Corpus Collocates
Corpus Collocates is a table view of which terms appear more frequently in proximity to keywords across the entire corpus.
Use it with a Jane Austen corpus or with your own corpus.
Overview
The table view shows the following three columns by default:
- Term: this is the keyword (or keywords) being searched
- Collocate: these are the words found in proximity of each keyword
- Count (context): this is the frequency of the collocate occurring in proximity to the keyword
An additional column can be shown to display Count which is the frequency of the keyword term in the corpus – see the Grids guide for more information.
By default, the most frequent collocates are shown for the 10 most frequent keywords in the corpus.
Options
You can add specify which keyword to use by typing a query into the search box and hitting enter (see Search for more advanced searching capabilities).
There is also a slider that determines how much context to consider when looking for collocates. The value specifies the number of words to consider on each side of the keyword (so the total window of words is double). By default the context is set to 5 words per side, and the slider can have a minimum of 1 and a maximum of 30.
Clicking on the options icon also allows you to define a set of stopwords to exclude – see the Stopwords for more information.
Spyral
To use Catalogue in Spyral you can use the following code as a starting point. Modify the config object to modify the visualization.
let config = {
columns: null, // 'term', 'rawFreq', 'contextTerm', 'contextTermRawFreq'
context: null, // The number of terms to consider on each side of the keyword.
dir: null, // The direction in which to sort the results: 'asc' or 'desc'
docId: null, // The document ID(s) to restrict the results to.
docIndex: null, // The document index(es) to restrict the results to.
query: null, // A query or array of queries (queries can be separated by a comma).
sort: null, // The column to sort the results by
stopList: null, // A comma-separated list of words, a named list or a URL to a plain text list, one word per line.

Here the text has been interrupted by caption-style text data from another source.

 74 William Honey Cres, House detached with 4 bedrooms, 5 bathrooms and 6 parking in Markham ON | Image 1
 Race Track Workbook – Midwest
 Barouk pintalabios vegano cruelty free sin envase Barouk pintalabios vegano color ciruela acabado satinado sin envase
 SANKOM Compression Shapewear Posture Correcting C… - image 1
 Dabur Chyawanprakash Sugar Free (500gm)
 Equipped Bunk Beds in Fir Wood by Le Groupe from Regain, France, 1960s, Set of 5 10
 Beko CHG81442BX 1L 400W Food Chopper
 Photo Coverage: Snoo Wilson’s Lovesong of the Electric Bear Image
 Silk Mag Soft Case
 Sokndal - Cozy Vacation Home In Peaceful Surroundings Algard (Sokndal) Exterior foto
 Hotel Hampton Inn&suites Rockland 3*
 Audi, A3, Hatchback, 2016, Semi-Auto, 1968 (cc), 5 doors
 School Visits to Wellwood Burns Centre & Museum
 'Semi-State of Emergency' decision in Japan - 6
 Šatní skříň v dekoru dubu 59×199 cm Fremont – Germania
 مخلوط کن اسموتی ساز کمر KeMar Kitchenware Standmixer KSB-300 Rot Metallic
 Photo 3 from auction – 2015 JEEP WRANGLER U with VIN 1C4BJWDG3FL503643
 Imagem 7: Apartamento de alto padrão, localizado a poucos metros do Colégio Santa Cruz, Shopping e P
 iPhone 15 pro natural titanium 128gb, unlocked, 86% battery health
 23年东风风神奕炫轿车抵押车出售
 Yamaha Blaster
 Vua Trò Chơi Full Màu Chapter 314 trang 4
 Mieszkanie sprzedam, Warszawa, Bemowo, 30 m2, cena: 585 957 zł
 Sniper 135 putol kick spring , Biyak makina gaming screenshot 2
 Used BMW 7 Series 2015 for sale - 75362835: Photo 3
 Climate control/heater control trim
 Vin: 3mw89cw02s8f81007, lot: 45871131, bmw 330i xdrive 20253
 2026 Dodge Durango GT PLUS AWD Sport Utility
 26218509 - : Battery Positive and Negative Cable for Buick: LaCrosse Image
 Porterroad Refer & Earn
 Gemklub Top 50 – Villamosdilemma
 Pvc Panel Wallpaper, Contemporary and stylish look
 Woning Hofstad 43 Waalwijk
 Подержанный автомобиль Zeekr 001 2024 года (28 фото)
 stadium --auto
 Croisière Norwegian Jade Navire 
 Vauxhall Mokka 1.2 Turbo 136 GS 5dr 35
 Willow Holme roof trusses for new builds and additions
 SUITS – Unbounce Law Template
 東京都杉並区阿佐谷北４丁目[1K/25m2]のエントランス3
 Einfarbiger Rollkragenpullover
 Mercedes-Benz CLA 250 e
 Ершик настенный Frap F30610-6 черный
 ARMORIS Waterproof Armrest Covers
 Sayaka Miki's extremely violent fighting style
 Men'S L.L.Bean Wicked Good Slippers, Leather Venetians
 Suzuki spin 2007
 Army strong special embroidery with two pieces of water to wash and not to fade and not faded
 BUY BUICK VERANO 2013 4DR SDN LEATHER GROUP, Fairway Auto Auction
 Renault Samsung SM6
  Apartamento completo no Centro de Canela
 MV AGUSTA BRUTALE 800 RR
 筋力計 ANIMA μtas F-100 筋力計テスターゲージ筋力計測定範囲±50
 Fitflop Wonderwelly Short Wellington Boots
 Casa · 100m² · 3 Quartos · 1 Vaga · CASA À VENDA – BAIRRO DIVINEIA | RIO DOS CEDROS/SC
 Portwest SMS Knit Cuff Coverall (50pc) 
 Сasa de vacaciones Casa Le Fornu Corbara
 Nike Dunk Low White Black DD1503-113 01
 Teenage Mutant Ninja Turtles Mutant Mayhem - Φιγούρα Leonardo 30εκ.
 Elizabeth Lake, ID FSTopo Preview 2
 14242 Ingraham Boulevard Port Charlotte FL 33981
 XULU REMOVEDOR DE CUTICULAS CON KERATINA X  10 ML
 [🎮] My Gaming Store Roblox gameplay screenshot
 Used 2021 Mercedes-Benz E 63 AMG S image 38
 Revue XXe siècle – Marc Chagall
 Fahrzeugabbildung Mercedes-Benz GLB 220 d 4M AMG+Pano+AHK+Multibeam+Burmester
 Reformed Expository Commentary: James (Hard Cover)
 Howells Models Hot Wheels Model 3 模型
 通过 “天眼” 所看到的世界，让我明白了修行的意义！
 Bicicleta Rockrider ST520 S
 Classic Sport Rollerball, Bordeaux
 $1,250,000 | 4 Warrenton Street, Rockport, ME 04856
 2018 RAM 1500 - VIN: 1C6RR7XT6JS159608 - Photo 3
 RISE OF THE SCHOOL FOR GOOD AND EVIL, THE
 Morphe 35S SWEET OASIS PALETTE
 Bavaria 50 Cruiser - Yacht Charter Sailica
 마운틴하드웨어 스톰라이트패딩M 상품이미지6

By default this is set to 'auto' which auto-detects the document's language and loads an appropriate list (if available for that language). Set this to blank to not use the default stopList.
termColors: null, // Which term colors to show in the grid. By default this is set to 'categories' which shows the term color only if it's been assigned by a category. The other alternatives are 'terms' which shows all terms colors, and '' or undefined which shows no term colors.
};
loadCorpus("austen").tool("CorpusCollocates", config);
Please see Tools.CorpusCollocates for more information about configuration.
Additional Information
For a graphical view of corpus collocates, try the Collocates Graph tool.